WORK REQUIRED — Reproduce exactly, from the data that follows, the line with "Isometric snowflake ice", the line with "etreetowel Made in", and every line that lies between them.

──────── ENTRIES PROVIDED

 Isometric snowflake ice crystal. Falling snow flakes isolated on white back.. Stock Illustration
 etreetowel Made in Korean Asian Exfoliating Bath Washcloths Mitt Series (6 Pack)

────────────────
──────── ENTRIES PROVIDED

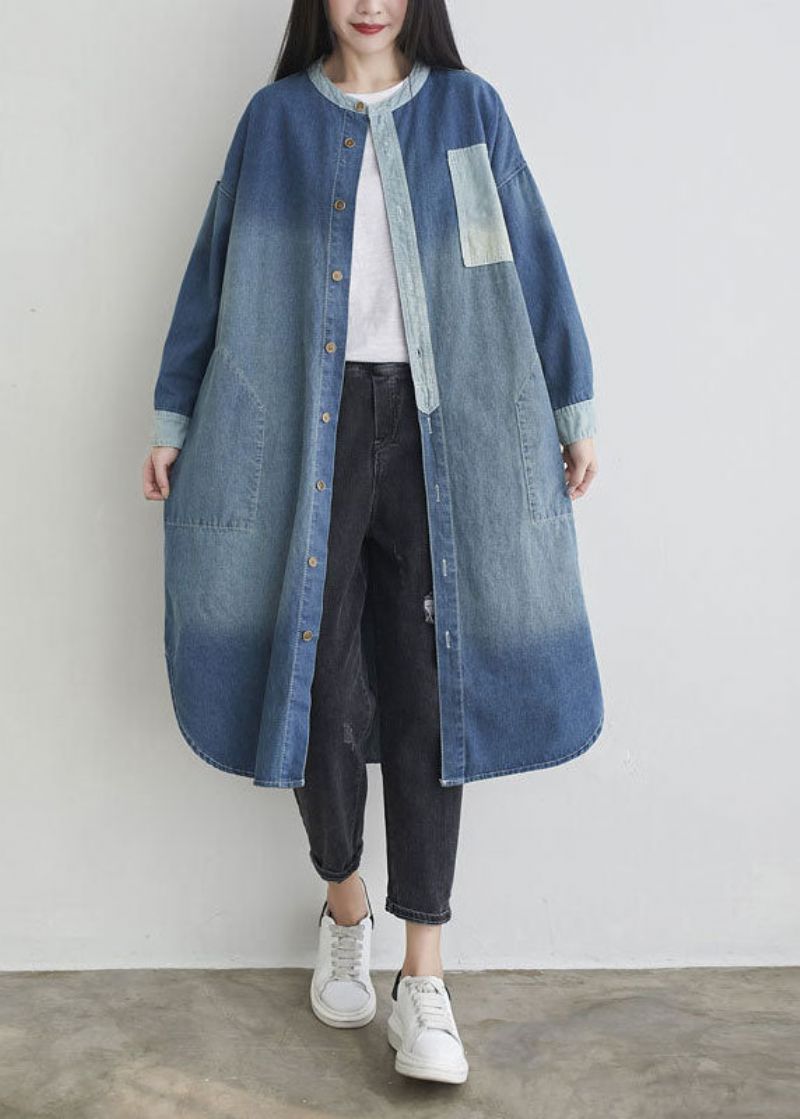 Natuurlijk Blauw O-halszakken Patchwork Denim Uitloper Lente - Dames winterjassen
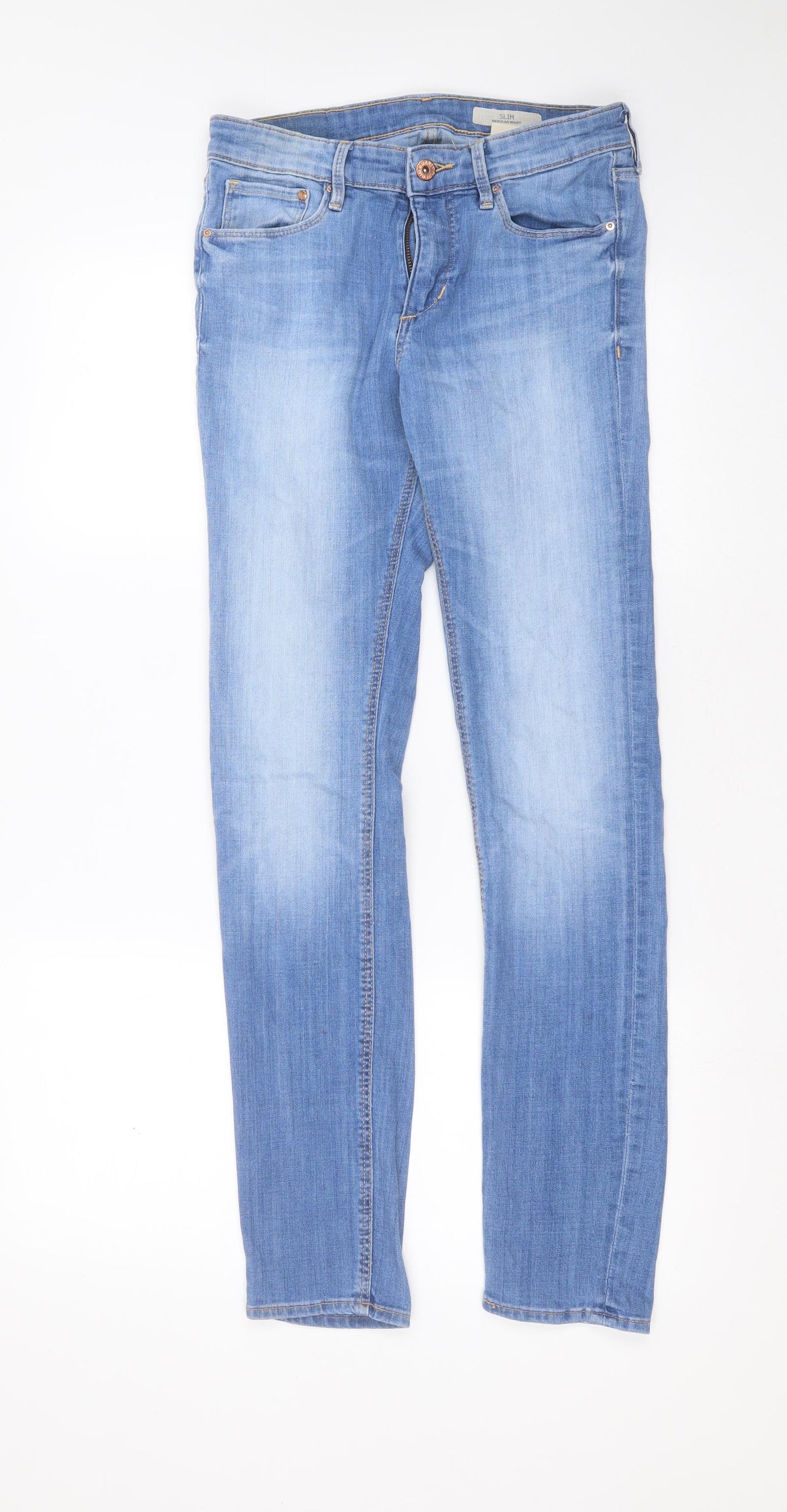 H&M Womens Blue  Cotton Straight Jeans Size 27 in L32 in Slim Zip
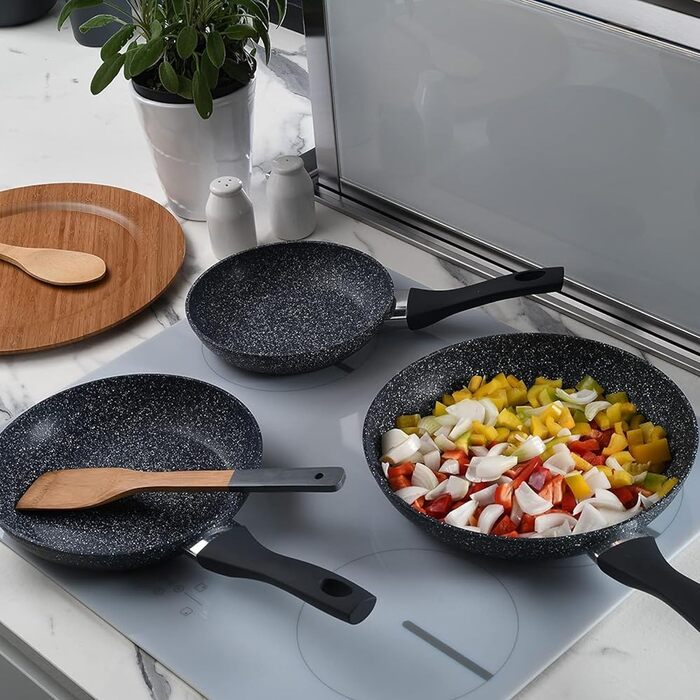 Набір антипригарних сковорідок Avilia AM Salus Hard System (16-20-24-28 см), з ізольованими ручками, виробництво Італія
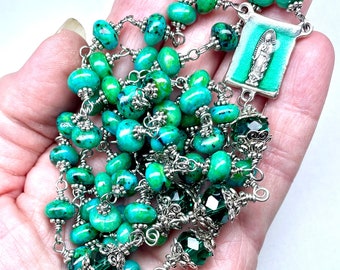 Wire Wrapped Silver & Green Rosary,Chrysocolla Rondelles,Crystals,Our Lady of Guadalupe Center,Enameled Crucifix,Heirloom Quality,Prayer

────────────────
──────── ENTRIES PROVIDED

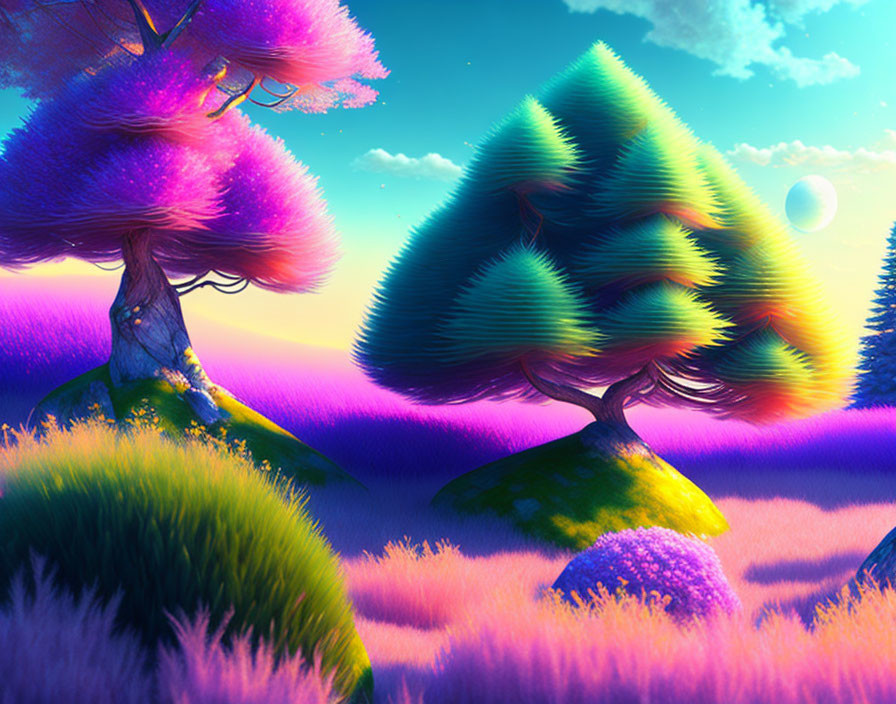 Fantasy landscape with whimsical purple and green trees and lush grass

────────────────

ANSWER BOX —
 Isometric snowflake ice crystal. Falling snow flakes isolated on white back.. Stock Illustration
 etreetowel Made in Korean Asian Exfoliating Bath Washcloths Mitt Series (6 Pack)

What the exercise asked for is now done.